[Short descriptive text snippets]

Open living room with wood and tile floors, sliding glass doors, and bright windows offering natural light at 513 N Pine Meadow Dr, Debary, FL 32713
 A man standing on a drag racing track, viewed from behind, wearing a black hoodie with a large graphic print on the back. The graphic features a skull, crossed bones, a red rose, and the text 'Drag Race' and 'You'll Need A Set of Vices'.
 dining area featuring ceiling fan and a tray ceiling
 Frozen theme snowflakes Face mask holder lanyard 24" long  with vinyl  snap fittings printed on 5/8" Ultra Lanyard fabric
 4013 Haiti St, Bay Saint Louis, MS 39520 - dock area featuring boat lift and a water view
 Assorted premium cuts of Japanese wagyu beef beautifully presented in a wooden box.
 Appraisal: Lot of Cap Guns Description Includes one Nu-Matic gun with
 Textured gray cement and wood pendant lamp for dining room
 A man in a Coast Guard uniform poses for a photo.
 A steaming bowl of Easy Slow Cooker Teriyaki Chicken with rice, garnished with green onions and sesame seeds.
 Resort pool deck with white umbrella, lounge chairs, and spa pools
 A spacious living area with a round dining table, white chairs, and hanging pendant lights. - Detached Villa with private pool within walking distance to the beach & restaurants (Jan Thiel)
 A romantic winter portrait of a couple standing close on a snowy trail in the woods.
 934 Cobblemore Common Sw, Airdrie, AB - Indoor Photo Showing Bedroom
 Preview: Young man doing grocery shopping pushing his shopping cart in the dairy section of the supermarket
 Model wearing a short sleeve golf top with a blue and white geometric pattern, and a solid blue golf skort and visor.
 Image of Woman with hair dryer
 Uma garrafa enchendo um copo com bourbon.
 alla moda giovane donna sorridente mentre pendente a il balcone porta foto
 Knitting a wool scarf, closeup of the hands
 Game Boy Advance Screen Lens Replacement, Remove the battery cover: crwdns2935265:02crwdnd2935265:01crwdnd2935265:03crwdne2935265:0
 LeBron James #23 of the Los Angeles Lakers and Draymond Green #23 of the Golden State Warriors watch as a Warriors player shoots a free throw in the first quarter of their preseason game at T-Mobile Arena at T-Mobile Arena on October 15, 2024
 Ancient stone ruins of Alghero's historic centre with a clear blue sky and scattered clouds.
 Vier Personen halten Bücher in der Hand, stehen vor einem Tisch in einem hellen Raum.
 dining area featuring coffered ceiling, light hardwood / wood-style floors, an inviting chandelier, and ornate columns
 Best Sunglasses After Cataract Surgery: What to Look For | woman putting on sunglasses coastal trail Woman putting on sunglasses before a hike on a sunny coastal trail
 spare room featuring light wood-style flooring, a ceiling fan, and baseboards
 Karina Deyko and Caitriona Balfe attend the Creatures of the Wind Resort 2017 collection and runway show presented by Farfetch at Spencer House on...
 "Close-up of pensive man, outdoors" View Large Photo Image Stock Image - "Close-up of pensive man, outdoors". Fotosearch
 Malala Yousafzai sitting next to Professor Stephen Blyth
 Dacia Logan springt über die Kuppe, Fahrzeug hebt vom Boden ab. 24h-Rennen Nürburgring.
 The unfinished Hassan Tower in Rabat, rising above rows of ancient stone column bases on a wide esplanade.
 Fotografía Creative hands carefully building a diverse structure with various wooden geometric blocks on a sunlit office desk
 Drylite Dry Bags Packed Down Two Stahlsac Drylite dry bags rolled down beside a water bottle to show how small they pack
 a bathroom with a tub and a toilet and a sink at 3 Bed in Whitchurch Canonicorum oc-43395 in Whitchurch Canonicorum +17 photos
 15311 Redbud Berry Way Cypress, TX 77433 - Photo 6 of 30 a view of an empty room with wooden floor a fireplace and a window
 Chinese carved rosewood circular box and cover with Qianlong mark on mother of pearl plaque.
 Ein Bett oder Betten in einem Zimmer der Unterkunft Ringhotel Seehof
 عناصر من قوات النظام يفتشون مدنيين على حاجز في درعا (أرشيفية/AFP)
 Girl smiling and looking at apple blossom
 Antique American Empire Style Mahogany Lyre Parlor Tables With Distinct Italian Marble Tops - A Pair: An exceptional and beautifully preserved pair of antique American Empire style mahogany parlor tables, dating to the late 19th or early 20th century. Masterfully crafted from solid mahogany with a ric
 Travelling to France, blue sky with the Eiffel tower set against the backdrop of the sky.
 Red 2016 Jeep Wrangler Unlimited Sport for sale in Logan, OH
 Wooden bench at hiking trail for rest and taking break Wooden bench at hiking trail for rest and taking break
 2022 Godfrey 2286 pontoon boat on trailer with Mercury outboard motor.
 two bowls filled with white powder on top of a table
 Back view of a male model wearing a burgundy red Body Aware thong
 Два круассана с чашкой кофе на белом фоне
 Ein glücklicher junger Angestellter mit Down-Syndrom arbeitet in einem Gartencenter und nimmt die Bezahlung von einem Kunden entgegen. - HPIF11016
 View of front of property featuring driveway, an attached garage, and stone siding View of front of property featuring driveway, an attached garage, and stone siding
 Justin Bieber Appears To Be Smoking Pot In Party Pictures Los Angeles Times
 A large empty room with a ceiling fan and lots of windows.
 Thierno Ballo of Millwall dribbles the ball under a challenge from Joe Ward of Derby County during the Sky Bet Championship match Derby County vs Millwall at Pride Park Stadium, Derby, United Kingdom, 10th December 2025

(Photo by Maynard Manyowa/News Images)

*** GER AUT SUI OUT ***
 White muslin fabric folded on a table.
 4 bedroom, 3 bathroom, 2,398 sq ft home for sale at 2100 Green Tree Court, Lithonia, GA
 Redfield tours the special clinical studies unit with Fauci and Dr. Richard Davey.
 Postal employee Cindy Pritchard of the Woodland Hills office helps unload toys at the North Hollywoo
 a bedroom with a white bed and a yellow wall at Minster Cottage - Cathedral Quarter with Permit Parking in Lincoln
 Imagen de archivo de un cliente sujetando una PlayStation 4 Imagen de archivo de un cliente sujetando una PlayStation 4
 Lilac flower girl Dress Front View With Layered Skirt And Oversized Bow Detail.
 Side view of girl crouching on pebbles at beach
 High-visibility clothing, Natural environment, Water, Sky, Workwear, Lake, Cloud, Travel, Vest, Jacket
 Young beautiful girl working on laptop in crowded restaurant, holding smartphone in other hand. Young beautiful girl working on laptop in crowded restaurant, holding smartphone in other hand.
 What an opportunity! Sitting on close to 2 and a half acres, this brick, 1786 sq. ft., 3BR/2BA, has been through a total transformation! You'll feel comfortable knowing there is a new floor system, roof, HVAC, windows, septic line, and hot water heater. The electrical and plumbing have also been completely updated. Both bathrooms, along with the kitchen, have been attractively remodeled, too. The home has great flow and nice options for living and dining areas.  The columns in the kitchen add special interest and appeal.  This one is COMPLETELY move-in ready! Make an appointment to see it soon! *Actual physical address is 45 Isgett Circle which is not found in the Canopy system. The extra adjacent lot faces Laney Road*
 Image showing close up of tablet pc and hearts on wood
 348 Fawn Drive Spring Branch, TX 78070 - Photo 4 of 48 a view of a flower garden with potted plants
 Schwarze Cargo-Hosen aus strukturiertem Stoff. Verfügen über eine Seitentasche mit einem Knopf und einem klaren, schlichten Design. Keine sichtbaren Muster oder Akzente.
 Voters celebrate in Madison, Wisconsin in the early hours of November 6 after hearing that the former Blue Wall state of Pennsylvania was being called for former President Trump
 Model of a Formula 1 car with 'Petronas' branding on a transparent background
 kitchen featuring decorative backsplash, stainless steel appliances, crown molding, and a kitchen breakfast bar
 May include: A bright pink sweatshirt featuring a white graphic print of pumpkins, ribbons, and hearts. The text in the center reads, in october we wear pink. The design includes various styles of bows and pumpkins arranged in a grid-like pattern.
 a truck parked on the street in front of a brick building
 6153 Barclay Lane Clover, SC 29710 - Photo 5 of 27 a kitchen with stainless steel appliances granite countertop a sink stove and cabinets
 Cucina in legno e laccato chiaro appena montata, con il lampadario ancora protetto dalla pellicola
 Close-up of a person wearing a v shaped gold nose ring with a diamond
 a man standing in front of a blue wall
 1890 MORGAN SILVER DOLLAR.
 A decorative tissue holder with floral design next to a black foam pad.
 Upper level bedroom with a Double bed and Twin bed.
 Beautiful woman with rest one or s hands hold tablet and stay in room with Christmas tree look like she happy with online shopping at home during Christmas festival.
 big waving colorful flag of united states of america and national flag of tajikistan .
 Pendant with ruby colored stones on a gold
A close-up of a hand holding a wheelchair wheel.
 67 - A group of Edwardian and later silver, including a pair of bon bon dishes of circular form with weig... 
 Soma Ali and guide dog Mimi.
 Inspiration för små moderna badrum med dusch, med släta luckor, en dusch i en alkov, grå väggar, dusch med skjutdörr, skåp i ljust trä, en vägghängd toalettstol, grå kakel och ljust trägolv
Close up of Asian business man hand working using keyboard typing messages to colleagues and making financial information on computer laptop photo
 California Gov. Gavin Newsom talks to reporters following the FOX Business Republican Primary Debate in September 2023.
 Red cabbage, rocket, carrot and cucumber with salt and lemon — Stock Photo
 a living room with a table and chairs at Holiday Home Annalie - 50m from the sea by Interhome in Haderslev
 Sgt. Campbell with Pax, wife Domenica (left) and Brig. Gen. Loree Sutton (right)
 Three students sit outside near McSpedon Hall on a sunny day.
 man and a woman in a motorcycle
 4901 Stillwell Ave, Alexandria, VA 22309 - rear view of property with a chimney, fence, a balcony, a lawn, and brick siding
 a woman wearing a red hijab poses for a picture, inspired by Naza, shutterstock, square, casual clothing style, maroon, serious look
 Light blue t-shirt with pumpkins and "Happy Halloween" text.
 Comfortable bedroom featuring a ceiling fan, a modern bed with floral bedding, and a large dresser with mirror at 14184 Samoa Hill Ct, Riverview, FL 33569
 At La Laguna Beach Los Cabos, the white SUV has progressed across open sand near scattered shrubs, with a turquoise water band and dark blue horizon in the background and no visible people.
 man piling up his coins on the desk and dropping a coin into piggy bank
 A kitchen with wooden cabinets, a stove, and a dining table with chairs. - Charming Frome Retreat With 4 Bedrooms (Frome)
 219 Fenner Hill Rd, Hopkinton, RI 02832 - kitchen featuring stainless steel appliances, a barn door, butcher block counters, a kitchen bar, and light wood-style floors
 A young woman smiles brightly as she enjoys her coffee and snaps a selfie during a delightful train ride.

- _Task item_:
For this exercise, output exactly the lines above from the line with "Justin Bieber Appears" to the line with "4 bedroom, 3", counting both, and leave out the rest.

- _Result of the exercise_:
 Justin Bieber Appears To Be Smoking Pot In Party Pictures Los Angeles Times
 A large empty room with a ceiling fan and lots of windows.
 Thierno Ballo of Millwall dribbles the ball under a challenge from Joe Ward of Derby County during the Sky Bet Championship match Derby County vs Millwall at Pride Park Stadium, Derby, United Kingdom, 10th December 2025

(Photo by Maynard Manyowa/News Images)

*** GER AUT SUI OUT ***
 White muslin fabric folded on a table.
 4 bedroom, 3 bathroom, 2,398 sq ft home for sale at 2100 Green Tree Court, Lithonia, GA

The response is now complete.